To demonstrate the usage and benefits of Task.yield, we’ll write a module that executes specific code until the task is finished.

defmodule MyTaskChecker do
  @timeout = 3_000      # This is a constant

  def check(%Task{} = t) do
    IO.puts("Start periodic checking for task with PID #{inspect(t.pid)}")
    report(t, nil)
  end

  # Note the second parameter: this clause catches
  # cases where the result is missing (= due to timeout)
  defp report(%Task{} = t, nil) do
    IO.puts("Checking...")
    result = Task.yield(t, @timeout) # Returns nil on timeout
    report(t, result)
  end

  defp report(_t, result), do: result
end

t =
  Task.async(fn ->
    :timer.sleep(20_000)
    "Finished"
  end)

MyTaskChecker.check(t)

check’s %Task{} = t parameter means that it’s expected to be a Task struct. It essentially means “this parameter must satisfy the pattern %Task{} and we call it t.” After that we print a quick message and start reporting.
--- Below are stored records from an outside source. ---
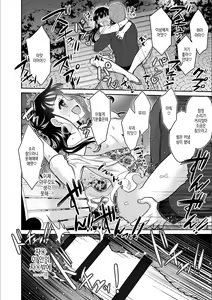 Page 25 of Kare to no Sex ja Ikenai kara... Atashi no Koko ni Irete Hoshii no... | 그와의 섹스로는 갈 수 없으니까 내 여기에 넣어줘... Ch. 13 - preview thumbnail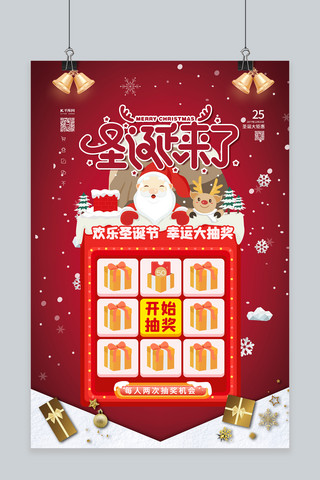 圣诞节红色卡通海报模板_圣诞节圣诞抽奖红色卡通海报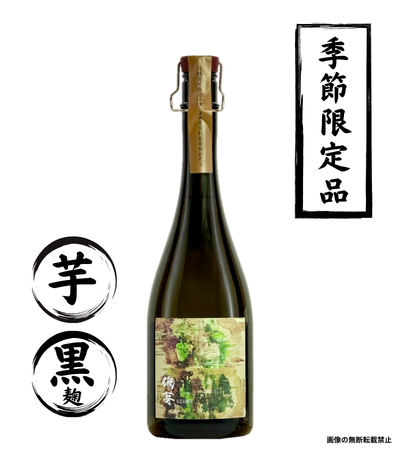 渦芽 720ml 芋焼酎 万膳酒造 鹿児島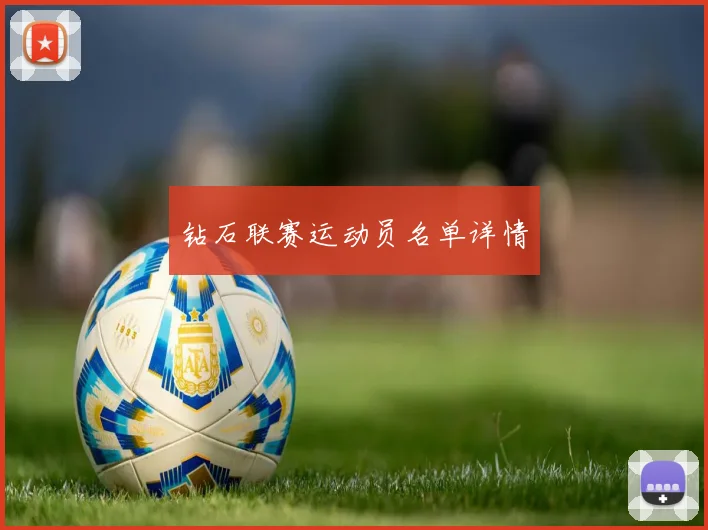 钻石联赛运动员名单详情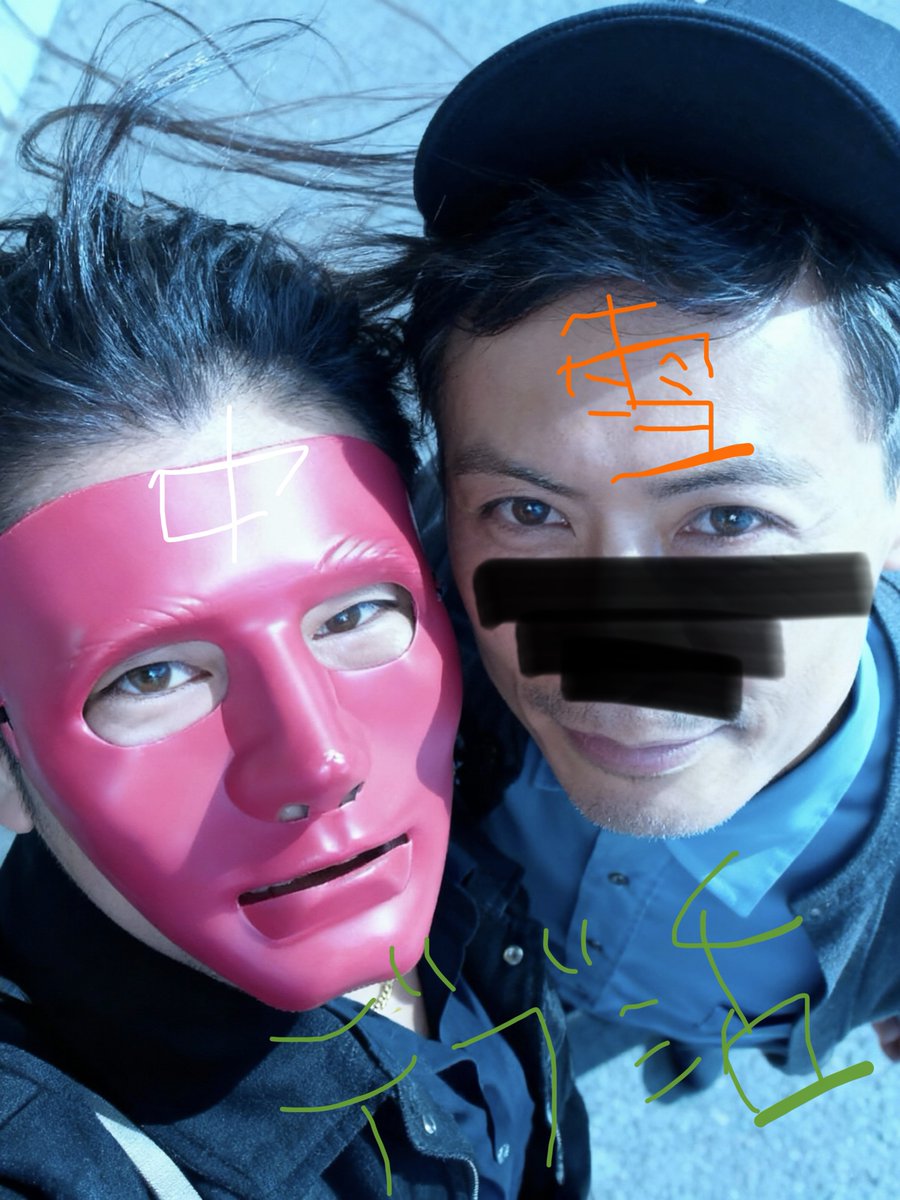 雪十（ゆきと）🗼3040東京 (@yukito30403040) / Posts / X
To get things started, check calls report with nil, which causes the first clause to be executed.

This code serves to illustrate a task that takes 20 seconds, which we check upon every 3 seconds. When we call Task.yield and there is no result after 3 seconds, it returns nil. In this case, the first MyTaskChecker.report clause matches, prints a message and tries Task.yield again. When it is finished it returns the result. To see this is in action:

iex> MyTaskChecker.check(t)
Start periodic checking for task with PID #PID<0.406.0>
Checking...
Checking...
Checking...
Checking...
Checking...
Checking...
Checking...
{:ok, "Finished"}

As you can see, this is perfect to execute code while waiting for your task to finish.

Building our factorial API

Let us build a simple wrapper around our Factorial module to allow us to calculate the factorials for a whole list, so that we can demonstrate the use of Task.yield_many.

Considering we already have most of our code (the logic) of our FactorialAPI, we can focus on the “interface” module. Though in order to protect our fictive server on which this code will run, we’re going to provide a timeout based on the completion time of the complete list.

To put it into perspective, imagine a list with the elements [1,4,6,7,9,9999999999999999999999]. We can immediately guess which factorials can be calculated within a given time frame, and which cannot. In this case, we’ll just return the factorials of the elements which we can calculate within reasonable time and an error for those which are too large.

defmodule FactorialAPI do
  def calculate_list(l) when is_list(l) do
    # Create list of tasks
    tasks = Enum.map(l, &Task.async(fn -> Factorials.calculate(&1) end))

    # Wait for as many tasks as possible, max. 2 seconds
    results = Task.yield_many(tasks, 2_000)

    # Deal with results
    Enum.map(results, &process_task_output/1)
  end

  # Clause for unfinished tasks: kill them
  defp process_task_output({t, nil}) do
    Task.shutdown(t, :brutal_kill)
    {:error, :timeout_exceeded}
  end

  # Clause for tasks having finished within time limit
  defp process_task_output({_t, {:ok, resp}}), do: resp
end

The FactorialAPI has one public entry point: the calculate_list function. We start a task for each number in the list, which are then collected by Task.yield_many with a timeout of 2 seconds. Every task in the list tasks will return a tuple consisting of { %Task{}, response } where the first element is the Task struct and the second the response. The response can be either {:ok, result} or nil, the latter being returned if the task has not completed within the given time limit.

Sample usage of this module would be:

iex> FactorialAPI.calculate_list([1, 2, 3, 999_999_999_999])
[1, 2, 6, {:error, :timeout_exceeded}]

Here you can see that the process_task_output function pattern matches on the output. Keep in mind that if the task is still running, we have to kill it manually. That is what the Task.shutdown is for. The :brutal_kill argument is the exit signal.

There are several exit signals. When using Task.shutdown you can also pass a timeout instead of the exit signal, which will send the :shutdown exit signal after the timeout. In our case, we don’t want to wait and just kill it straight away. Hence the :brutal_kill argument.